WHAT YOU WILL DO: Write out all of the entries exactly as given.
** Opening RECORDS FOR THIS TASK block **
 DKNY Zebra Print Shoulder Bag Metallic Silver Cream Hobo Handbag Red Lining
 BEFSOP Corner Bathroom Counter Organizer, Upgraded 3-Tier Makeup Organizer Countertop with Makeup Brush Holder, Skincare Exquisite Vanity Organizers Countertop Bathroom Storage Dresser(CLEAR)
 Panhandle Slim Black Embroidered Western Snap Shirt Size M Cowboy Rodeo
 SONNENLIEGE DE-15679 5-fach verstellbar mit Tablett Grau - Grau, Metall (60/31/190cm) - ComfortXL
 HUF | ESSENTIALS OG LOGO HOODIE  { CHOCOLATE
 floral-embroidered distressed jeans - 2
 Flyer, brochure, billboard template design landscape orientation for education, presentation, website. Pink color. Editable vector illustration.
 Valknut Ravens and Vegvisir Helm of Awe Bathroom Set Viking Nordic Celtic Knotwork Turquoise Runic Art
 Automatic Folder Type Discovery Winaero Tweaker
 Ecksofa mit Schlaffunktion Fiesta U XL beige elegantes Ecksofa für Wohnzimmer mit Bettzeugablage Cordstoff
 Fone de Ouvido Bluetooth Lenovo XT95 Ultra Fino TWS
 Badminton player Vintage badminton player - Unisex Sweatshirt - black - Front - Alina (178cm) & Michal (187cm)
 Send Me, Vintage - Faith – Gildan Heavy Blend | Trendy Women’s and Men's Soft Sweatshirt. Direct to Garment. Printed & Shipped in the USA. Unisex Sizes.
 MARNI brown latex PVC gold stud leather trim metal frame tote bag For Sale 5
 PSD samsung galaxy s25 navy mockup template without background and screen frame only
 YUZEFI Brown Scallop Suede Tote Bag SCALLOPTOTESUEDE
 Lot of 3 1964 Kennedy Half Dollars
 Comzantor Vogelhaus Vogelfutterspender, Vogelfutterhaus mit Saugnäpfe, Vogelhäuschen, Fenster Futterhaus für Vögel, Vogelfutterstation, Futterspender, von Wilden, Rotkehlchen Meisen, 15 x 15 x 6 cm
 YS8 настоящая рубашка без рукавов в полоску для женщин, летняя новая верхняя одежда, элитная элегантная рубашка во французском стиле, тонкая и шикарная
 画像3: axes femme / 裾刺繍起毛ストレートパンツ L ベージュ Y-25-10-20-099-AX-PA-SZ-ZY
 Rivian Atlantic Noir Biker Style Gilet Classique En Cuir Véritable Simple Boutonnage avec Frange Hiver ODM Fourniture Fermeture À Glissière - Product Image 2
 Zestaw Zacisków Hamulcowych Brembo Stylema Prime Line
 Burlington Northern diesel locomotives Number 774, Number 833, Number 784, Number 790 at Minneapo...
** Closing RECORDS FOR THIS TASK block **
RESULT BELOW:
 DKNY Zebra Print Shoulder Bag Metallic Silver Cream Hobo Handbag Red Lining
 BEFSOP Corner Bathroom Counter Organizer, Upgraded 3-Tier Makeup Organizer Countertop with Makeup Brush Holder, Skincare Exquisite Vanity Organizers Countertop Bathroom Storage Dresser(CLEAR)
 Panhandle Slim Black Embroidered Western Snap Shirt Size M Cowboy Rodeo
 SONNENLIEGE DE-15679 5-fach verstellbar mit Tablett Grau - Grau, Metall (60/31/190cm) - ComfortXL
 HUF | ESSENTIALS OG LOGO HOODIE  { CHOCOLATE
 floral-embroidered distressed jeans - 2
 Flyer, brochure, billboard template design landscape orientation for education, presentation, website. Pink color. Editable vector illustration.
 Valknut Ravens and Vegvisir Helm of Awe Bathroom Set Viking Nordic Celtic Knotwork Turquoise Runic Art
 Automatic Folder Type Discovery Winaero Tweaker
 Ecksofa mit Schlaffunktion Fiesta U XL beige elegantes Ecksofa für Wohnzimmer mit Bettzeugablage Cordstoff
 Fone de Ouvido Bluetooth Lenovo XT95 Ultra Fino TWS
 Badminton player Vintage badminton player - Unisex Sweatshirt - black - Front - Alina (178cm) & Michal (187cm)
 Send Me, Vintage - Faith – Gildan Heavy Blend | Trendy Women’s and Men's Soft Sweatshirt. Direct to Garment. Printed & Shipped in the USA. Unisex Sizes.
 MARNI brown latex PVC gold stud leather trim metal frame tote bag For Sale 5
 PSD samsung galaxy s25 navy mockup template without background and screen frame only
 YUZEFI Brown Scallop Suede Tote Bag SCALLOPTOTESUEDE
 Lot of 3 1964 Kennedy Half Dollars
 Comzantor Vogelhaus Vogelfutterspender, Vogelfutterhaus mit Saugnäpfe, Vogelhäuschen, Fenster Futterhaus für Vögel, Vogelfutterstation, Futterspender, von Wilden, Rotkehlchen Meisen, 15 x 15 x 6 cm
 YS8 настоящая рубашка без рукавов в полоску для женщин, летняя новая верхняя одежда, элитная элегантная рубашка во французском стиле, тонкая и шикарная
 画像3: axes femme / 裾刺繍起毛ストレートパンツ L ベージュ Y-25-10-20-099-AX-PA-SZ-ZY
 Rivian Atlantic Noir Biker Style Gilet Classique En Cuir Véritable Simple Boutonnage avec Frange Hiver ODM Fourniture Fermeture À Glissière - Product Image 2
 Zestaw Zacisków Hamulcowych Brembo Stylema Prime Line
 Burlington Northern diesel locomotives Number 774, Number 833, Number 784, Number 790 at Minneapo...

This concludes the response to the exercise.